I have thought some more about it and the solution I have in mind is that the layer should work as follow :
We should consider 2 types of layers :
user-layers : layers visible from the user perspective: Those will be called Layer 0, Layer 1, Layer 2… Layer n,
real-layers : layers on the software side.
The idea is that each user-layer is actually a set of 3 ‘real-layers’. So the user-layer ‘Layer 0’ will be in fact a bundle of real-layer[0], real-layer[1] and real-layer[2].
So ‘Layer n’ will be a set of real-layer[3n], real-layer[3n+1] and real-layer[3n+2].
Where real-layer[3n] is the layer for normal geometry of ‘Layer n’, real-layer[3n+1] is the layer for construction geometries for ‘Layer n’ and real-layer[3n+2] is the layer for hidden geometries of ‘Layer n’.
We could potentially make more sub-layers. Maybe 5 if we want also a layer for external geos and one for internal alignment geos. This way the user will be able to select the line style, thickness and color for each type of geos.
Now the user-layers : By default there would be only one, but there would be a taskbox (or an addition to the element taskbox) with a listview where user would be able to create new layers, rename them, customize their colors and so on.
This could be useful if we want to make sketcher a more complete 2D drawing tool, and will let the user make multi-layer DXF for instance.
Thoughts?
Hologram it’s the same here with freecad, so this constraint on empty ground is not really a problem actually.
I like the idea. What I am thinking though, for architecture & urban design, contrary to the simple sketches people advocate for here, I will have to make more complex sketches. I’m thinking, drawing street centrelines, offsetting both sides of the road, bicycle lanes, etc. So for me, it would make sense to create layers based on types of street sections (road, pavement, bicycle lanes, river, drainage, frontyards, etc.). In such cases, it may help to be able to hide construction geometry from a layer but to still show the normal geometries (to display the end result). Or, vice versa, to display the construction lines only, so you can add constraints to the construction lines that drive the sketch. There’ll likely be multiple sketches in my case anyways, so I would like to have the layers multiplied for sketch geometries that are referenced in from prior sketches (like a carbon copy but referenced to the existing sketch).
For the latter referenced sketch geometries, I think they should be put in a separate layer within which the original layer name and sketch name is shown (e.g. “Sketch ‘01’ - Street” or “Sketch ‘Blockout’ - Pavement” in the format “Sketch ‘Sketchname’ - Referenced layer name”).
What is nice about this, as you mentioned, is that you can then export an individual layer or all layers to a DXF.
I personally think that the layers could be created as part of the document settings, so they can serve as re-useable template. At least there should be a way to exchange the layers and linestyle assignments so they can be re-used in other documents. I can imagine there to be a series of checkboxes for all the layers that you could then opt to include for the sketch in the taskbox (incl. all or none buttons).

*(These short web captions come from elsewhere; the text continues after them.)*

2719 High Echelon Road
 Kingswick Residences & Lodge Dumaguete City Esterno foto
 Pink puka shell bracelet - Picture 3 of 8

I like the “1:3 approach”. This seems to be a very natural view (no pun intended) on the matter.
I understood that’s perfectly covered by Paddle’s approach: The user says “hide construction geometry” and the machine hides the corresponding layer. In fact is “construction geometry” an alias for the construction layer inside of the layer.

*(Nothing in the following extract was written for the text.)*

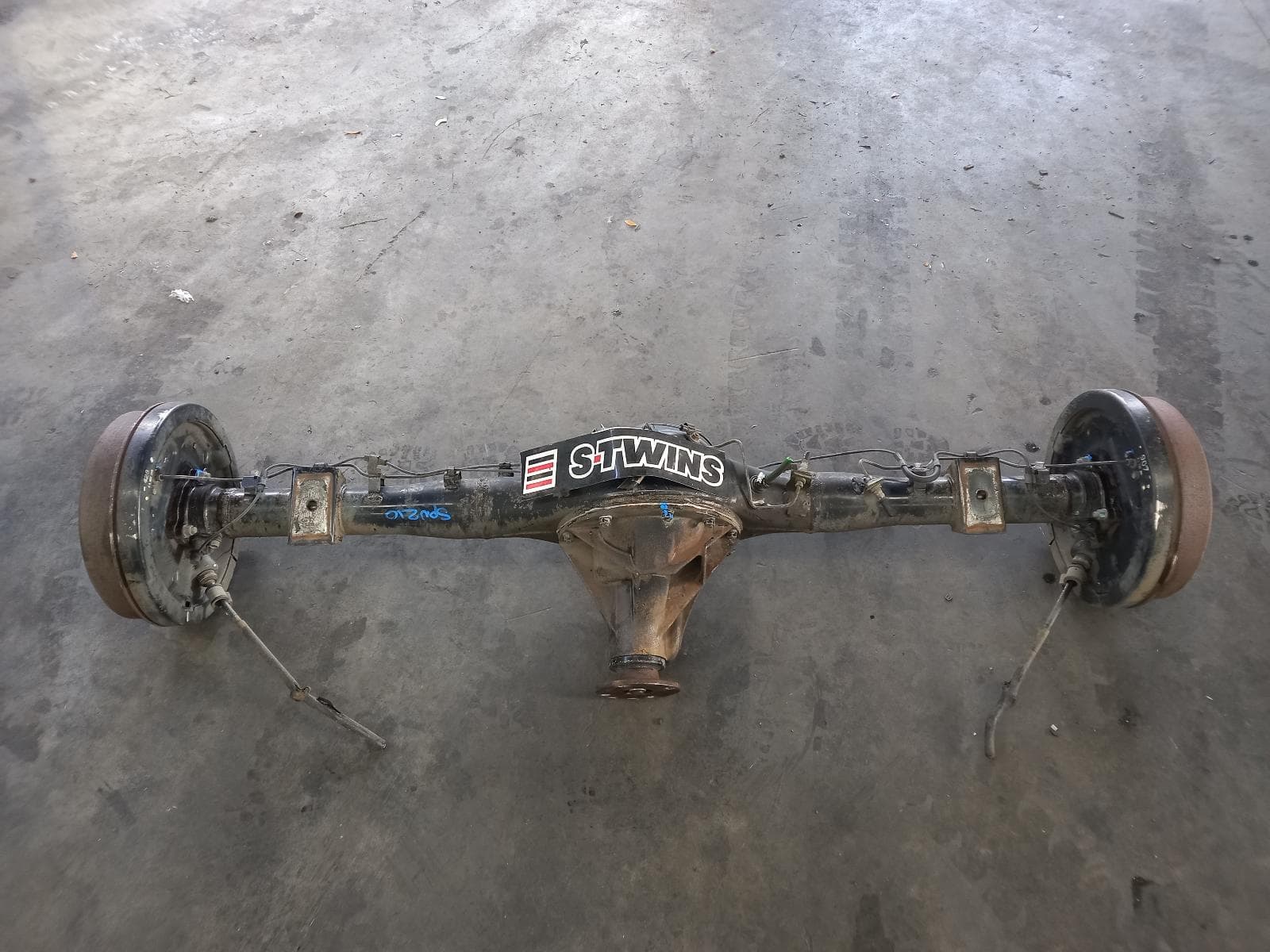 Used auto part listing image: 2015 MITSUBISHI TRITON REAR DIFF ASSEMBLY 2.5, DIESEL, AUTO T/M, 2WD/4WD, MN, 3.917 RATIO, NON DIFF LOCK (10 BOLT), NON LSD TYPE, 08/09-04/15 0000363307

Tell me, will all these types of lines be displayed in the same way in techdraw?
A little more and the sketcher will become an excellent tool for 2D drawing.
As for me it is better to be able to export directly from Sketcher workbench to SVG or PDF with all auxiliary geometry and dimensions, dimension lines. The output would not be a picture, but a file in curves
SVG is a vector format, so probably creating something similar is possible, but it is not a matter of “exporting” a mere screenshot, you have to dig in to the “sketcher” mechanics and re create entitites in SVG format, but probably in the “standard SVG” format not in the “InkScape corrected one”
Hey, this thread is about adding line patterns to sketcher for construction geometry. Could we make even a modest attempt to stay on topic and not talk about vector graphics or inkscape here?
Anyway, I spent some time working with a local build of this PR and proposed some defaults on GitHub. Feel free to discuss, of particular note, I’m interested in valid reasons how internal reference lines are functionally different than standard construction lines from a user perspective (ie. not a ‘they are different in the code’ type of argument) Also, I’m also curious where else are they used other than in conics, and if there is indeed a functional difference, is there a good argument why they cannot subsequently just be construction geometry instead?
Are you referring to construction lines, internal reference lines, spline points or curvature combs? I’m confused by your explanation. I ask because internal reference lines are given visually unique appearance in sketcher and I’m trying to understand if that is actually necessary. Whats the value, what’s the use-case? How would I treat these any differently than actual construction geometry?